I would like to suggest to you that you do an article on the dearth of young Jewish women on TV sit-coms. The only one I know of is the illegitimate daughter on “The Powers That Be. ” There is no scarcity of young Jewish men, and lo and behold, they are all involved with non-Jewish women. This possibly reflects the fact there there are a great many Jewish sitcom writers on TV, and very likely all married to non-Jewish women. I think this situation should be exposed and protested. By the way, I am 81. Am enclosing contribution of $100.

MARY COHART New Haven, CT

In your “From the Editor” [Summer 19921 you write, justifiably so, about the harmful reality of discrimination based on weight and looks. The story told by Jewish women college students was illuminating: how often have we all spent precious time and energy discussing weight, food, diet, etc? However, your conclusion, “To make no more mention of weight, size, physical perfections or imperfections when I greet someone or when I describe her, ” is fallacious, though well-meaning. If, as you write, people have “not much more control over their bodies’ shape than they do over the color of their eyes,” aren’t you being pointless in failing to use descriptions like “thin” or “fat,” just as you would be absurd if you shied away from “green-eyed” or brown haired”?

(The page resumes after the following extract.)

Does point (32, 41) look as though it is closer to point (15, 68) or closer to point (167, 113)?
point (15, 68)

What I propose is that we destigmatize the word “fat,” and return it to its rightful place as an adjective, not a moral thermometer.

If you are averse to any and all adjectives for fear of being racist or weight-obsessed, what of fear of sexism? Is is acceptable to describe a visitor as a female, rather than a male? If I merely said, “A person came to see me,” I am being purposefully vague. So “tall” is permissible but “slender” is not?

By the way, I’m fat. Or chubby? Voluptuous? Zaftig‘! I too look forward to a time where my other attributes—my intelligence, my sense of humor—can be appreciated and/or dismissed, not merely the size of my thighs.